A recent collection of funny, fascinating, nonsensical or just notable newsworthy quotations From the Winter 2007 issue of The News…

A recent collection of funny, fascinating, nonsensical or just notable newsworthy quotations

From the Winter 2007 issue of The News Media & The Law, page 48.

“If the government wins in this case, every reporter’s notebook will be available to the government for the asking.”

— Eve Burton, general counsel for Hearst Corp., on the case that may land two San Francisco Chronicle reporters in prison, in The New York Times.

“Here, a student allegedly walked into an unlocked room between the locker rooms at the high school and encountered one teacher on top of the other with one of the teacher’s bare buttocks showing. For the teachers involved and the school district to even entertain the idea that the teachers retained a subjective privacy interest . . . is patently ridiculous.”
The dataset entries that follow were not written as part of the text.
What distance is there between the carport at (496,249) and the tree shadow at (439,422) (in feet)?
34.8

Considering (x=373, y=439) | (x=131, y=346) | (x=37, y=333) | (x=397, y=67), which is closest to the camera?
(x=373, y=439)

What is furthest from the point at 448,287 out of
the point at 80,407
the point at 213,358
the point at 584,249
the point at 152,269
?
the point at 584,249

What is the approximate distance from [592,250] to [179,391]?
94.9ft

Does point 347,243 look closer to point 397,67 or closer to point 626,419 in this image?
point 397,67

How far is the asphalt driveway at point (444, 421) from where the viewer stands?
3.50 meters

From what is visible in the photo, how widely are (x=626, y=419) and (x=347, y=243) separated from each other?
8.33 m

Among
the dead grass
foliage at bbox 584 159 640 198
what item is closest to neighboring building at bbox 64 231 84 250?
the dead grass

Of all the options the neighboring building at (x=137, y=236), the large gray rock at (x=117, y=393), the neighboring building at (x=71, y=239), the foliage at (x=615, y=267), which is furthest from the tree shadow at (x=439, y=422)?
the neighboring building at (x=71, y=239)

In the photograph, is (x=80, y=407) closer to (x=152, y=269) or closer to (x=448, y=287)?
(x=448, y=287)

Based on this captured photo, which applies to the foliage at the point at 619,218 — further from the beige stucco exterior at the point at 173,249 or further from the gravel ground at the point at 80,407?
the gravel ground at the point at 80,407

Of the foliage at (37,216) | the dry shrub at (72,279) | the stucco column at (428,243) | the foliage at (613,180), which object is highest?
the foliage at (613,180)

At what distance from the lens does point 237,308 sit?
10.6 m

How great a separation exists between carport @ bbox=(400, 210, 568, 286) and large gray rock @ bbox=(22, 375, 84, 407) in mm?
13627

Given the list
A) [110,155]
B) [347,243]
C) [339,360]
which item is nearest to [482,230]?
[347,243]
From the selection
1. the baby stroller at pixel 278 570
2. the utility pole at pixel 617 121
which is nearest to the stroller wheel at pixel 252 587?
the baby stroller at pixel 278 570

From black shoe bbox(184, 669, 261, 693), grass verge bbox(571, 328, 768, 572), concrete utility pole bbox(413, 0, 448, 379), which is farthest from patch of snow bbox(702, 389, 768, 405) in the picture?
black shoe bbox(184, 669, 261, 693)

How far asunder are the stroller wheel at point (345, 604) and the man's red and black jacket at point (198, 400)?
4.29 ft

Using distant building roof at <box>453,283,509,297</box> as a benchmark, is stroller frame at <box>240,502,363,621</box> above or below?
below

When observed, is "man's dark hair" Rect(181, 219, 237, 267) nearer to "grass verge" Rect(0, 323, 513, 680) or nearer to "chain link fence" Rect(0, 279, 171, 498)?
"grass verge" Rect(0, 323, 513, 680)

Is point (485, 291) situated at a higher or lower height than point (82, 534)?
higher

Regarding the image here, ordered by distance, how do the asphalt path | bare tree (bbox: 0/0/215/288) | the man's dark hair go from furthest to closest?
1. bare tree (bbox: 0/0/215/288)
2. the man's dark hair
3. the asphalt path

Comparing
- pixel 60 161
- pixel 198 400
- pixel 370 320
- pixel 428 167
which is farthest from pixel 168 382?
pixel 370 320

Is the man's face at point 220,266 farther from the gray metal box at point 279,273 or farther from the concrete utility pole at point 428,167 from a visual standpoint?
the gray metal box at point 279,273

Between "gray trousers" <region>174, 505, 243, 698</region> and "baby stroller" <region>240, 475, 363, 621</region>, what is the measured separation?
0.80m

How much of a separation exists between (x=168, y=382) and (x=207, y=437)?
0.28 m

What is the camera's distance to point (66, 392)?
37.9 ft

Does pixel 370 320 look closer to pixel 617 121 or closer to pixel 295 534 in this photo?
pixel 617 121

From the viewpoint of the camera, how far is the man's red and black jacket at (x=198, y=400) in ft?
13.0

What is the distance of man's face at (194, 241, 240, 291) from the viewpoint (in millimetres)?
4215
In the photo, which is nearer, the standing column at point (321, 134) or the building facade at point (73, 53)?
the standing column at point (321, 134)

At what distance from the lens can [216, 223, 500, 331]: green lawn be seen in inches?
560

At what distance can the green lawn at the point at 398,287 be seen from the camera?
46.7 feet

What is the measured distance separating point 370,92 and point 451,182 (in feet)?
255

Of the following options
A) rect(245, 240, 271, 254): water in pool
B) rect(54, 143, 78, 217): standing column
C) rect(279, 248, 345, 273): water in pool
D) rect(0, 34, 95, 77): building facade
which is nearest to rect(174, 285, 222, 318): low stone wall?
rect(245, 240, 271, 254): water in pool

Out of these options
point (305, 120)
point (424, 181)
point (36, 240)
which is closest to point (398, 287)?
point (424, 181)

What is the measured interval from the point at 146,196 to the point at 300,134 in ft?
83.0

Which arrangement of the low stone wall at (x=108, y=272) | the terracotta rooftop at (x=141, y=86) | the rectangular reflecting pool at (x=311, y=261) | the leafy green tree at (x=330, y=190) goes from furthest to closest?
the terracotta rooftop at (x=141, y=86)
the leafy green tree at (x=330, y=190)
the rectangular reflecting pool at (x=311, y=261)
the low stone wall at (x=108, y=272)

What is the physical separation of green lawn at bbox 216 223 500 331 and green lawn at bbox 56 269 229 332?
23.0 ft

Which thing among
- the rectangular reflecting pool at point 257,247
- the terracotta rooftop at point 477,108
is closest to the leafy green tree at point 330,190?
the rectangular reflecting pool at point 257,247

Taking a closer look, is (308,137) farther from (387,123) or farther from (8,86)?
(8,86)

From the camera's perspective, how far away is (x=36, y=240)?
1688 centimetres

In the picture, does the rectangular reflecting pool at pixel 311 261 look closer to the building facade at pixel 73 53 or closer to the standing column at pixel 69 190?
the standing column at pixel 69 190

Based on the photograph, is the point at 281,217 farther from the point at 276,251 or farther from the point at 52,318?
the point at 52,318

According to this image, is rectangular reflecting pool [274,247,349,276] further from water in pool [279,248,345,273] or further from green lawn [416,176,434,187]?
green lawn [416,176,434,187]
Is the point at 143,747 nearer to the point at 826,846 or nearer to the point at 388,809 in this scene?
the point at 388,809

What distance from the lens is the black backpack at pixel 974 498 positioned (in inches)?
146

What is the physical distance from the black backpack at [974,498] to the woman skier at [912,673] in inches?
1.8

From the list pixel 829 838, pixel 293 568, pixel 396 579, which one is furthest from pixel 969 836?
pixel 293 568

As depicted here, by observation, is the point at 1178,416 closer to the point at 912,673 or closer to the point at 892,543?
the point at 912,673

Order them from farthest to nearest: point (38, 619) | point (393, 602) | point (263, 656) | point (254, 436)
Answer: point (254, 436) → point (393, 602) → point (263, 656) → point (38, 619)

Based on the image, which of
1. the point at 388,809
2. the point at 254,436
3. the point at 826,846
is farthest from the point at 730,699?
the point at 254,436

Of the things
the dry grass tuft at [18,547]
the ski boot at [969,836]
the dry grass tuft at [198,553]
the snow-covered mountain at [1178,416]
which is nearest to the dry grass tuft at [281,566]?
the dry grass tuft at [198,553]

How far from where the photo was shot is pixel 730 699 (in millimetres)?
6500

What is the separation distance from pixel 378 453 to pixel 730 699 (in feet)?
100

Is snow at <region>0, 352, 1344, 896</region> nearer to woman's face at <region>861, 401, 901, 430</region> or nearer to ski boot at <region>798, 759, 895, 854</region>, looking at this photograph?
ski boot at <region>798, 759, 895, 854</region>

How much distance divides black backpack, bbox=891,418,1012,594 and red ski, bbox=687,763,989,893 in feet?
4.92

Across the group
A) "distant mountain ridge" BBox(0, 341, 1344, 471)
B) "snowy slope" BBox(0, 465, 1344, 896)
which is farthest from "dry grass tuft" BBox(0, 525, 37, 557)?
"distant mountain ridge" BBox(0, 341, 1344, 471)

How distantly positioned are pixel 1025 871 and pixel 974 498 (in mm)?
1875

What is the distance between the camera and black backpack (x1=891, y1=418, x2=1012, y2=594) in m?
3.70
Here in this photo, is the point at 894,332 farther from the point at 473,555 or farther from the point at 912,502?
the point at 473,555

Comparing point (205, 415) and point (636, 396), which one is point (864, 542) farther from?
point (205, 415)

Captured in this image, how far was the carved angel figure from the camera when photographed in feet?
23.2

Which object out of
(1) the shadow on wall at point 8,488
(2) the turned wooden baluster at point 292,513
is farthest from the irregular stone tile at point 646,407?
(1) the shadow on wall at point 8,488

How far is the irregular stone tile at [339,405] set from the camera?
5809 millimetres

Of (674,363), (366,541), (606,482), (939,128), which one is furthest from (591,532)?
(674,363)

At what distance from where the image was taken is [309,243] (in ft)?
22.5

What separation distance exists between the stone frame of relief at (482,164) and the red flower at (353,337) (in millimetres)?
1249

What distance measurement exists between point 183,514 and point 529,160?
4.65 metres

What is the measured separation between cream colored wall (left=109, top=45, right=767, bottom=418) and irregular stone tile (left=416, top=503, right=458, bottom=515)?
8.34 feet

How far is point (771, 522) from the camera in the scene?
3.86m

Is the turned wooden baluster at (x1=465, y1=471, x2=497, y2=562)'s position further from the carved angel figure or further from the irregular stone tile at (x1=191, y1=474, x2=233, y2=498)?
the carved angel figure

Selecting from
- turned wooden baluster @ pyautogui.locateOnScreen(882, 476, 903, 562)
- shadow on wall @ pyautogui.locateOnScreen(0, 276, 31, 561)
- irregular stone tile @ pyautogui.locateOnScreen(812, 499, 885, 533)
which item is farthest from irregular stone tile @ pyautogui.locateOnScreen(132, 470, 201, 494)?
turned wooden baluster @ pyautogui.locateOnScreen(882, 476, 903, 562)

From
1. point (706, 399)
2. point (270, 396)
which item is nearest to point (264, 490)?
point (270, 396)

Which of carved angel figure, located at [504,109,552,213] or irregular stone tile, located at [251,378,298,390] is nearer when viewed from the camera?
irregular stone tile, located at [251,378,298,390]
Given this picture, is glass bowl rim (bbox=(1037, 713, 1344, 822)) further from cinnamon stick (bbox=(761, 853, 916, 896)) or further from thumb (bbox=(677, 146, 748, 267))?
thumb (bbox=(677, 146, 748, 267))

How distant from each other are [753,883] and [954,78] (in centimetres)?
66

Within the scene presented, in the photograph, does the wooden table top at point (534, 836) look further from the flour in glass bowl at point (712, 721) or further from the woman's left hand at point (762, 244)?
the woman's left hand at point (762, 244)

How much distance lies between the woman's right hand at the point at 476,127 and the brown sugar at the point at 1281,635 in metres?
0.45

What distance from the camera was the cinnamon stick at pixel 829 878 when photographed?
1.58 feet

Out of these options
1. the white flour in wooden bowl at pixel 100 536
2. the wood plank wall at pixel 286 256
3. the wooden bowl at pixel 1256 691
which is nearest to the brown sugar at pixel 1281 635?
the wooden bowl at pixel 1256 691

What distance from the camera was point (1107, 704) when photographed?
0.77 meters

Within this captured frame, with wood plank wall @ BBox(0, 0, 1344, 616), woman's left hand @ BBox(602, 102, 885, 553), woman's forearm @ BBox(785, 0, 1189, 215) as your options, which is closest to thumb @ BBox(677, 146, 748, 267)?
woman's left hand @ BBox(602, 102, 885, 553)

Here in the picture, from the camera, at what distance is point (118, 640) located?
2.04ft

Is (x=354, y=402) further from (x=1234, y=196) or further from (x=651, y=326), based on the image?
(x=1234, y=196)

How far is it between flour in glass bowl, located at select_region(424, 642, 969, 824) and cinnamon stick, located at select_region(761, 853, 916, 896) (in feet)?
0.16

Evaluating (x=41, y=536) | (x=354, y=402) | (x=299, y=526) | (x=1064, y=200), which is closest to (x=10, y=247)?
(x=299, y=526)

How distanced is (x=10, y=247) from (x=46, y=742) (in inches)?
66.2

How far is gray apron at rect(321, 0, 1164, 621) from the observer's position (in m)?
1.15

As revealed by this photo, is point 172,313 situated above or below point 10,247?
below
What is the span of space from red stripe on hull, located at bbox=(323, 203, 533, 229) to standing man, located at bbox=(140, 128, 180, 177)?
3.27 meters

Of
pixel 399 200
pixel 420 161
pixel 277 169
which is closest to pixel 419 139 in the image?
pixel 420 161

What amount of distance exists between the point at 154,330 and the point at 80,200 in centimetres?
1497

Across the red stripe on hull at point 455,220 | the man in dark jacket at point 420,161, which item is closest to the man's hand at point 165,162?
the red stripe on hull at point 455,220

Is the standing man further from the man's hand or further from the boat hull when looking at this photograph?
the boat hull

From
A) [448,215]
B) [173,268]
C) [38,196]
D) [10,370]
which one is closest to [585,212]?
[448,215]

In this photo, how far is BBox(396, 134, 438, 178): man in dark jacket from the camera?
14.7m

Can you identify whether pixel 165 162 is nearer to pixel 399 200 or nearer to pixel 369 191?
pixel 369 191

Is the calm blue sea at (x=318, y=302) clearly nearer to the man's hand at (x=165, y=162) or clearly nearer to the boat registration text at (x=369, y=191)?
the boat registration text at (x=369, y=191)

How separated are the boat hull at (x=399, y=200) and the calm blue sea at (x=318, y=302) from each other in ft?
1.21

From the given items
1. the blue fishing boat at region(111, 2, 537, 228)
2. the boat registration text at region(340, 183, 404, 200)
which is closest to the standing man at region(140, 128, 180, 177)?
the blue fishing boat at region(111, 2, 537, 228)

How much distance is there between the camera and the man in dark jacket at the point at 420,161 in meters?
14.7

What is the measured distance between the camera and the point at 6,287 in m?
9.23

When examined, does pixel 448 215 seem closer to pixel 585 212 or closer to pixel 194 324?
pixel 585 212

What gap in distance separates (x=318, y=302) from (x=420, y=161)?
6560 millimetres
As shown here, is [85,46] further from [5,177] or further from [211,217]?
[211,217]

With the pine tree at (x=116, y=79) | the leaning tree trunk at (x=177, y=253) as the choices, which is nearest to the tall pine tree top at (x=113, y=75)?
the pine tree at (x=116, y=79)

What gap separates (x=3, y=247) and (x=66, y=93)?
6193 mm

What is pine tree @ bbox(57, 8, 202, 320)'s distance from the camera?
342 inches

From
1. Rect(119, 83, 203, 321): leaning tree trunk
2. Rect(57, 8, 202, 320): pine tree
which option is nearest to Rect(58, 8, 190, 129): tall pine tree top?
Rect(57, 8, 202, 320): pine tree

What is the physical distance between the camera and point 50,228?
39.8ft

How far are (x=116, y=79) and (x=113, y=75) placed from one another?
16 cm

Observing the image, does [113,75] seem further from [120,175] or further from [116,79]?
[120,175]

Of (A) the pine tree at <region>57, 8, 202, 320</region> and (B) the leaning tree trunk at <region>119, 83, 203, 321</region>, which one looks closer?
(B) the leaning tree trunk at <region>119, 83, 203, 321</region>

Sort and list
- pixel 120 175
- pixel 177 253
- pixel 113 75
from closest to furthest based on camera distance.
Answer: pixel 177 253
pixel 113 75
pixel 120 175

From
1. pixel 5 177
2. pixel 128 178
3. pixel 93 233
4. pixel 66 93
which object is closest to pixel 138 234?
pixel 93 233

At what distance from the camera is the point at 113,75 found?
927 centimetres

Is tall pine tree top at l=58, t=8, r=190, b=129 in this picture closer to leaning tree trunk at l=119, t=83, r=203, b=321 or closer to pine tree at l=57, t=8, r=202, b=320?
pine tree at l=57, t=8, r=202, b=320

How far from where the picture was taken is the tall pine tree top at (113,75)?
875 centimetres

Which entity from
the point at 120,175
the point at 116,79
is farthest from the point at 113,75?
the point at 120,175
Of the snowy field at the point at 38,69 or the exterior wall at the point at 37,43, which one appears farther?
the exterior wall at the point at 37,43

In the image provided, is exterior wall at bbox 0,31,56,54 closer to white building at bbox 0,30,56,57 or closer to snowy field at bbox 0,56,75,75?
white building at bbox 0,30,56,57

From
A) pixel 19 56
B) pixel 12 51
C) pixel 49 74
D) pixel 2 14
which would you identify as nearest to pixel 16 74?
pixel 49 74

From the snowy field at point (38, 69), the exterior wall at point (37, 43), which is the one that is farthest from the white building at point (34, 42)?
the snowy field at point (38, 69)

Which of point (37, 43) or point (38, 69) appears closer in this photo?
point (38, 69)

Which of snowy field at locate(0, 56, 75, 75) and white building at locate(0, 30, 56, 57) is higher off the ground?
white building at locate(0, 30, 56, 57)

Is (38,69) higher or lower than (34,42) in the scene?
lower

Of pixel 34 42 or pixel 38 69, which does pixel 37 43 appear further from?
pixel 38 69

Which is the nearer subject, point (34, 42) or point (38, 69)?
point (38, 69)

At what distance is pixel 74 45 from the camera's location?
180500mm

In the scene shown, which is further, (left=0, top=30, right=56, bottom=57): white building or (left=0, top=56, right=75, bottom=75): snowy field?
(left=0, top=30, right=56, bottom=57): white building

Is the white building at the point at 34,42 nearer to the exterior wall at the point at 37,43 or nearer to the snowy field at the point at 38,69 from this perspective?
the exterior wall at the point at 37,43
— Montana Supreme Court Justice James C. Nelson in a Dec. 12 dissenting opinion regarding two teachers who said an investigation should be withheld from a newspaper for privacy reasons.

“I’m not representing The New York Times. I’m perfectly happy to throw them overboard.”

— Michael Carvin, attorney for Rep. John Boehner (R-Ohio), in an Oct. 31 hearing. Boehner has sued Rep. Jim McDermott (D-Wash.), who disclosed to the Times a tape of an intercepted phone call involving Boehner.

“It’s aimed at scuzzball reporters who have not a shred of human decency.”

— Virginia state Sen. Ken Cuccinelli, proposing a bill to allow charges against reporters who enter private property to report on deaths and other traumatic events.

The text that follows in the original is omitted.